Stupid oxidation! Who needs oxygen, anyway?!

Lemonxxs
02-05-2002, 12:53 PM
Claying is different then polishing.



The clay (supposedly) pulls the particles out of the paint where as the polish just levels them down even with the surrounding paint.



CLay makes the paint smoother by removing particles..also as I think carguy said in some other thread when polishing around or near these particles you get little spots immediately around it where the polish does not touch due to the relative heigth of the particle.



DO the baggy test and look really close at your paint...if it feels smooth and you do not see . size spots then claying is not really required.



I hope this helps...if not check out car-port and then claying in the details details details section.

Preachers Sheets
02-05-2002, 12:54 PM
Yea, I know if you remove a good amount of the clearcoat you can get your color back.



In the pics fourm, there was a red ford explorer that looked rusty redish brown.

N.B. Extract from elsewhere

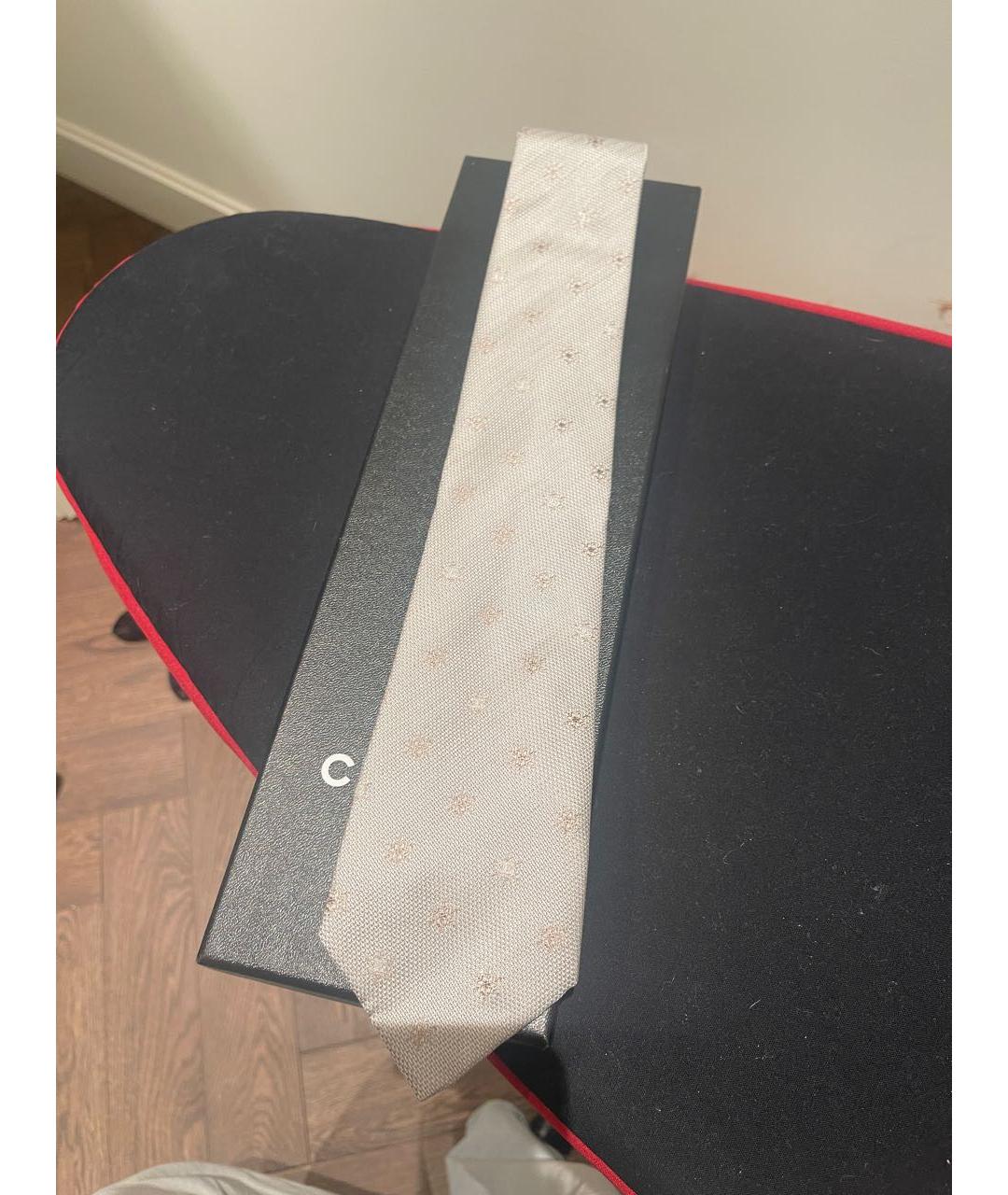 CHANEL PRE-OWNED Серый шелковый галстук, фото 5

After some polish he got it back to a nice dark orange red, sure it`s not perfect but the cost of a new paint job compared to the price of some polish and your time really outweights itself.



You really really should take some before and after pics....

DETAILKING
02-05-2002, 12:58 PM
Clay will pull the contaminants out of your paint better than any polish will. When you have a splinter you don`t go rubbing it with sandpaper do you? that would basically just level out your skin (clearcoat) and the splinter some, but not remove it or "pull" it out.

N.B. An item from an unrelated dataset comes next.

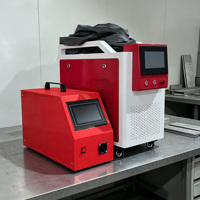 Soudeuse laser à refroidissement par air 1500W, équipement laser à fibre portatif pour la fabrication des métaux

I would get some clay. You can get a mothers, zaino, or clay magic bar for less than 20 bucks. Also, I would not be using abrasives on new paint unless I really needed too. After claying, evaluate the paint. Do you new painted panels have swirls in them? If so, use the SMR with the PC. If there is no visible marring left, I would skip AIO (as another coating of abrasives in overkill) and go right to SG. Wash the car first before applying the SG.

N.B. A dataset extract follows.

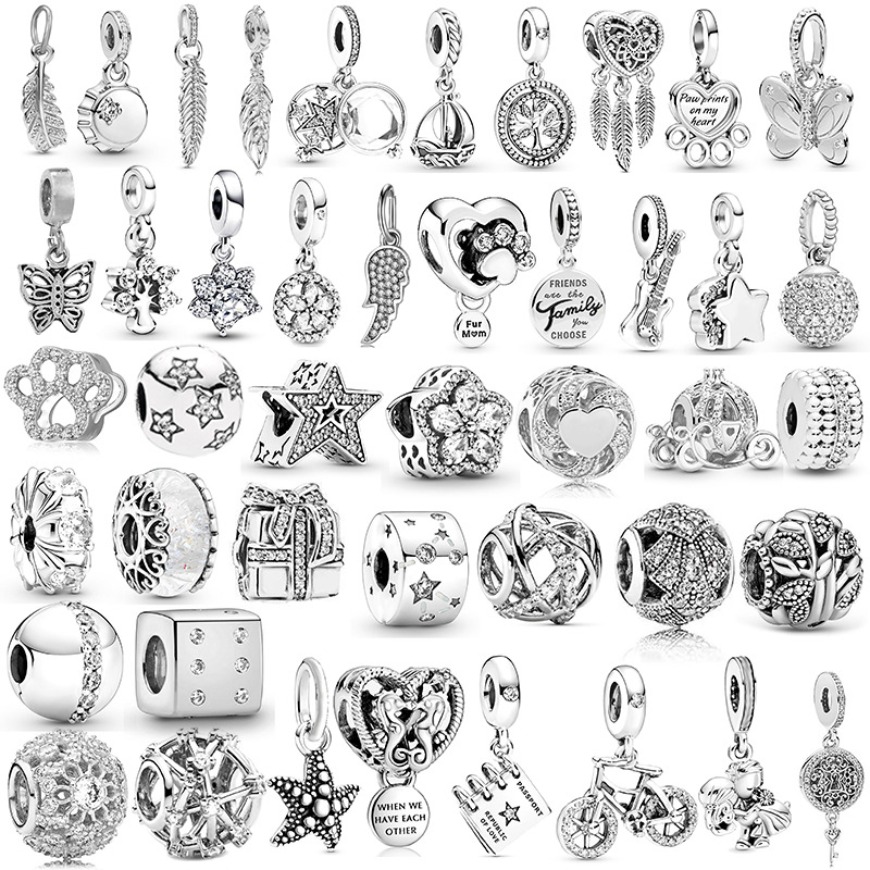 Silver Butterfly Inspired Charm Pendant Alloy Diamond Inlaid Wing Body Beads Exquisite Diy Jewelry Bracelets And Necklaces Captivating Elegant De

Hope this makes sense and helps.....

mooredriven
02-05-2002, 01:01 PM
yeah i hate to use any abrasives on the fresh paint as well, but those jokers swirlmarked their own paint. I`d take it back to them, but it seems like asking for more problems. :(



i think I will go the claybar route since i did see it cheap at walmart, and be done with it. Hopefully I`ll be able to get the car back to my standards, since apparently the bodyshop had low standards for detailing after paint. Funnily enough, they did a tremendous job painting the car, it`s just what they did to it afterward that irks me. :D

Chuckmotor
02-05-2002, 01:02 PM
I wish I had taken some before/after pics the first time I used FI-II. There was a difference, and even more of one after the second time I used FI-II. It didn`t do much for my swirls, for some reason (but Meg`s #9 SR 2.0 did the trick after the FI-II), but I can tell that the FI-II truely did bring back some blackness. Black is such a hard color to deal with, especially if it has 9 years of oxidation (the previous owners obviously never so much as waxed it. Who knows how often they washed it, and how they washed it!:eek: ).



Anyway, back to the thread, I agree with Guess My Name. Check and see if you need the clay, using the baggie test. Obviously, if you don`t need it, you can skip that step. But if it feels bumpy, I reccomend doing the clay, though you can probably skip it if you REALLY REALLY don`t want to do it!!

Preachers Sheets
02-05-2002, 01:02 PM
When All In One is used I notice a big difference, something you can physically see. I would never use the Glaze without using the All In One, but that has me wondering, if I used the clay would I need the All In One.......

Chuckmotor
02-05-2002, 01:05 PM
I would say yes, joed. Clay and AIO do different things. Like Guess My Name said, clay pulls out particles. AIO cleans, polishes, and protects, but doesn`t actually pull out any particles. But if the car is brand new and prepped already, then the AIO is not needed.